Identity for children in Pagan and mixed households

When I was a child, it bugged me every time someone asked me, "What are you?" meaning "What religion do you follow?" That wasn't because I didn't want to be asked. It bugged me even more, when they just assumed I was Christian like 95 percent of everyone in the community around us.

It bugged be because I had no words for it. 

I grew up in a time and place where earth-centered spirituality was kept under wraps and publicly admitting it could very well lead to employment problems and/or an investigation by Child Protective Services. It was probably a good thing that I had no words for the little rituals, rune drawing, Tarot cards and quarter calling that I participated in with my mother's circle. And I survived the quiet longing for something more openly stated pretty well. 

Image by Arie Farnam

Image by Arie Farnam

But today most Neopagans have no such external restraints on giving our children a spiritual identity. Instead we are caught in the dilemma of whether and how much to hand our kids the ready-made Pagan identity. 

This goes beyond the concern that some adult Pagan events don't or can't reasonably include children.
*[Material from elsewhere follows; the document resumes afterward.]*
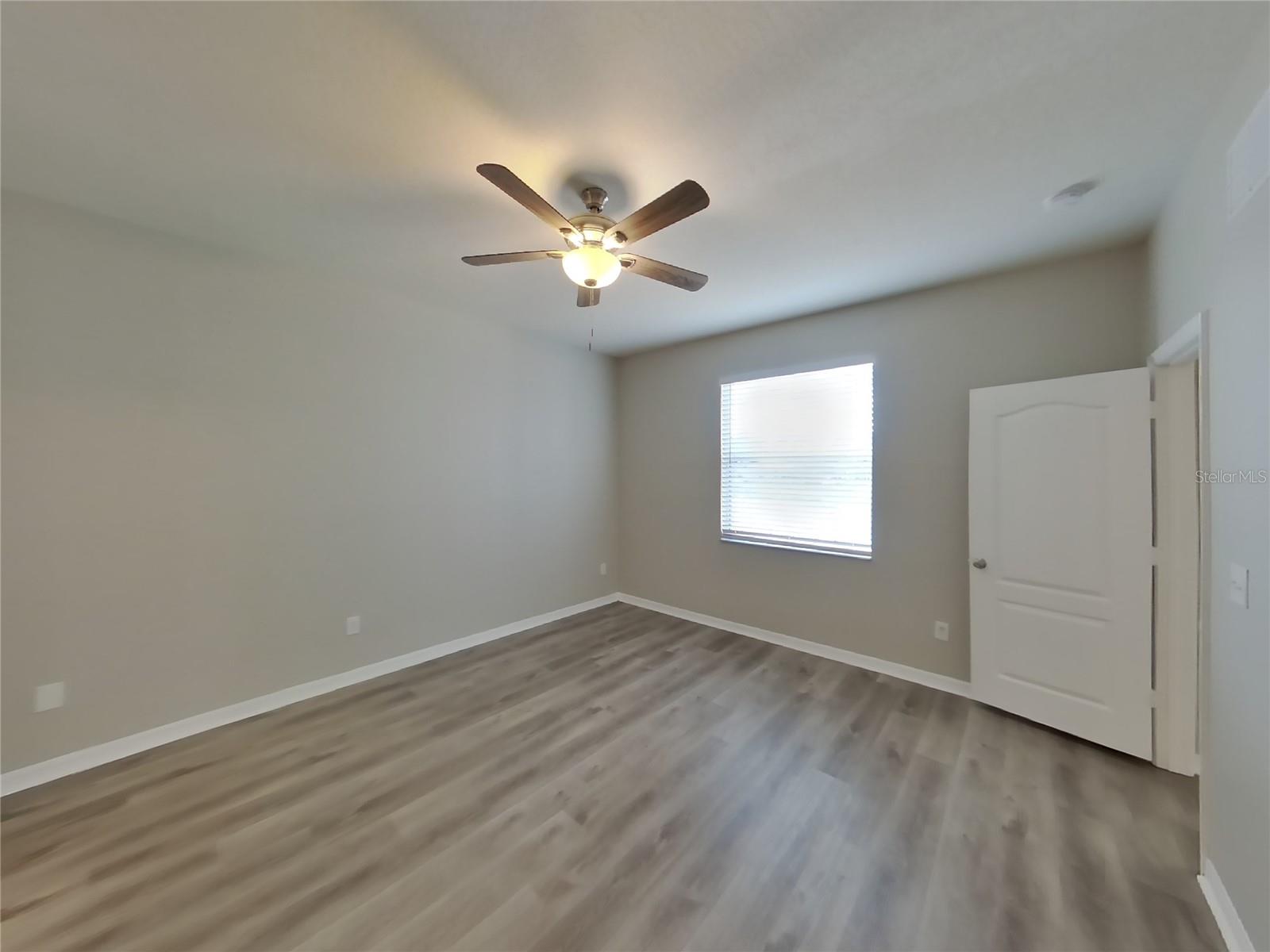 Image 9 of 17 For Address Not Provided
There are plenty of ways a child can be involved in earth-centered or even specific Neopagan practice. The feasts of the Wheel of the Year provide plenty of kid-friendly fun, inspiration and tradition, even if that is all a child is exposed to. 

But many earth-centered parents have either seen friends undergo or undergone themselves the forcing of a religious identity in childhood. The major religions today, other than Paganism, insist that children born within them should be held to them. Many Pagans who weren't born into an earth-centered path are Pagans specifically because they fled the oppressive atmosphere of religions that force an identity and practice on children.

So naturally we don't want to become just as bad as what so many of us struggled to free ourselves from. And the issue of how much to develop family-centered traditions permeates Pagan parenting discussions.

In my family, that dilemma intersects with another long-standing controversy in Neopaganism--the issue of ethnic identity. There are many mixed-race families in Paganism today. I've run into Norse-tradition Heathens who are half-Scandinavian and half-African but naturally to Europeans look more African than Scandinavian. There are Irish-East Indians. a great many people with mixed European and Native American background and many Pagans whose ancestry is all over the map.

And in my family and several others, there is the issue of inter-ethnic adoption. Life takes us down unexpected paths and ours led my husband and I to adopt two children who happen to be of a different ethnicity. They are Romani (ethnic Gypsies) and as such there is some debate over whether or not they qualify as ethnic Europeans, since their ancestors came to Europe from India somewhat more recently than most Europeans. 

Illustration from the Pagan children's book Shanna and the Pentacle, Copyright Julie Freel 2015

Illustration from the Pagan children's book Shanna and the Pentacle, Copyright Julie Freel 2015

This type of thing isn't a controversy because we believe that one must follow the Pagan tradition of one's genetic ancestors. There have certainly been plenty of non-Celtic Wiccans while other Wiccans claimed some connection between Wicca and ancient Celtic traditions. But it is uncommon to find a Slavic reconstructionist Pagan who doesn't have at least some Slavic genetic background. And when it comes to children, it is particularly important to honor their own unique genetic heritage.

It's an unarguable fact that most earth-centered traditions share a deep connection with ancestors and the land on which ancestors lived. Certainly we can and do honor ancestors connected to us by our tradition, craft or beliefs as well as those of blood and nation. But it is hard to entirely ignore the issue without some doubts of authenticity creeping in.

There is very little scholarly work to be found documenting original Romani spirituality. There are always rumors and plenty of people who will claim their Romani grandmother passed great Pagan spiritual traditions down to them. But Romani people still living in the Romani communities today usually vehemently deny much of what these revelations claim. While the Roma as a people have held on to their language and culture far more fiercely than most other small, landless ethnic groups, they are chameleons when it comes to religion. 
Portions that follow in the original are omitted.